Comparative study of parallel programming models

Objective

The following activities are intended to reinforce your knowledge of programming control flow and data flow-based solutions for parallelizing the processing of data using the Hadoop and Spark engines.

To Do

Part I

Have a try on deploying Hadoop on Colab and executing a simple count words map-reduce program [here]

Part II

Have a try on executing using PySpark environment on Colab and executing an example of a Spark program counting words [here]

Part III (Optionnelle)

  • Compare the principle of control flow and dataflow-based programming models using MapReduce – Hadoop and Spark engines (5 points)
    • State the principle of each the control and data flow-based programming model.
    • Choose an example to compare a solution using each model.
    • State the principle of program execution of each Hadoop and Spark engines.
  • Define, illustrate, and discuss the implication of the lazy evaluation strategy regarding Spark programs performance (5 points)
  • Compare this lazy evaluation strategy with the execution strategy of map reduce programs executed by Hadoop (5 points)
  • Compare the implicit and explicit strategies adopted by Hadoop and Spark for dealing with data persistence, caching, sharing, and shuffling and the implication of these strategies in the design and execution of programs (10 points).

To Hand In

Prepare a PDF document with your responses and upload it on e-Campus.
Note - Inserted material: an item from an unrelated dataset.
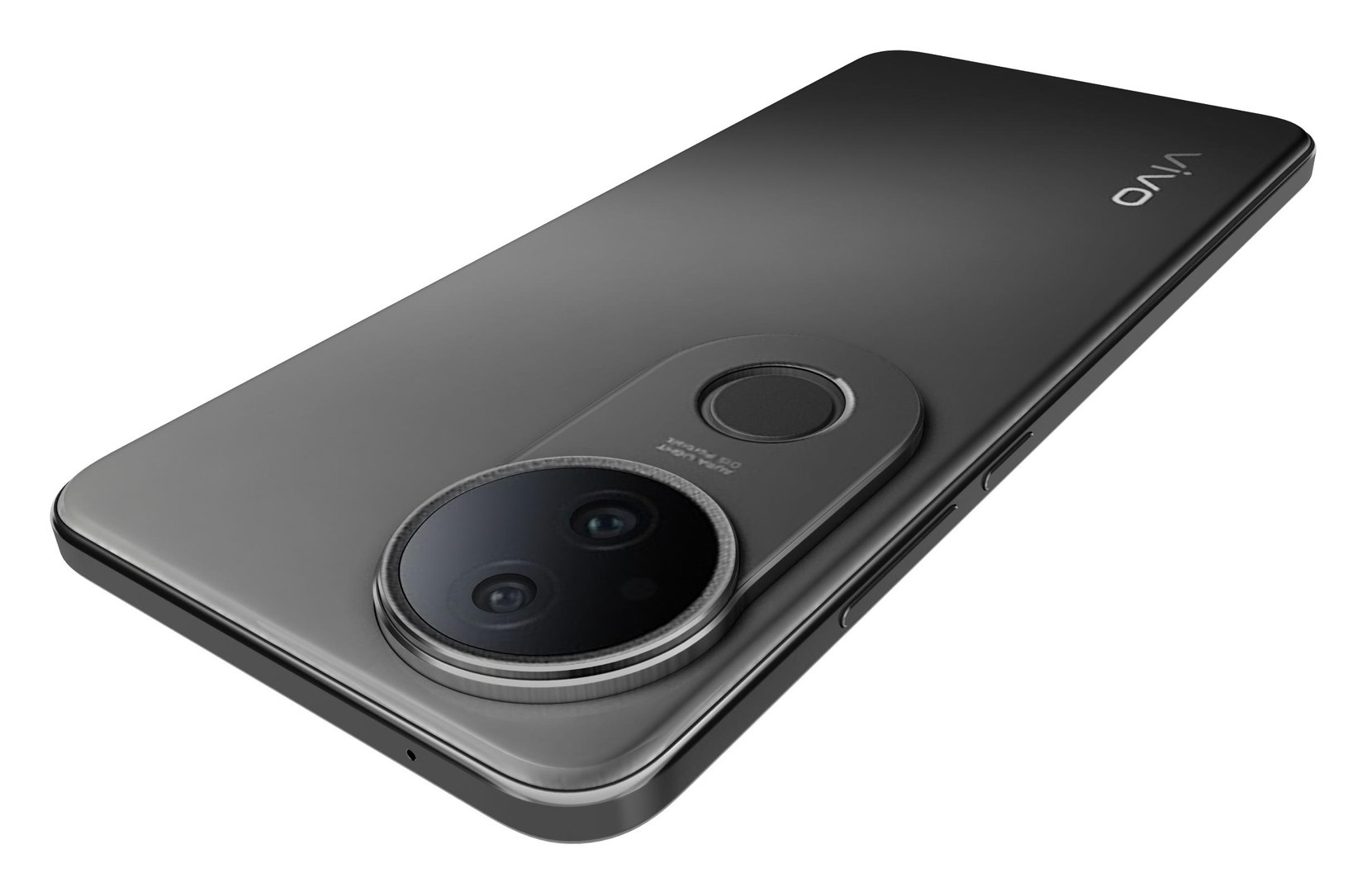 Vivo S20 Pine Smoke Ink Low Poly 3D https://p.turbosquid.com/ts-thumb/Eo/20i9tI/qd/16/jpg/1761549993/1920x1080/fit_q87/71c94937d553df4465a3b0a490706fbd36f6ce49/16.jpg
Do not hesitate to use examples and (running) code to support your answers. The idea is to show as much as possible that you feel comfortable with both programming models and execution platforms. Make sure that you make the difference between the programming model and the execution engine. Exhibit that you understand that data structures are the backbone of the principles behind models and engines.

Expected quality

The report must be well and logically organised. Grammar and orthography must be correct as much as possible. Do not hesitate to use Grammarly or similar systems for verifying English. Consider sentence structure (object verb object), avoid adjectives, adverbs, and exaggerating with connectors.

Diversity and Inclusion

Consider using inclusive language (even if it can take sometimes more characters to write) for your report. 

++ Inclusion and diversity in writing https://dbdni.github.io/pages/inclusivewriting.html 

Use adapted fonts and fonts size. If you use images or icons, including human characters, make sure that you avoid gender, race, and socio-economical stereotypes. Also, consider the size, clarity, and quality of the images.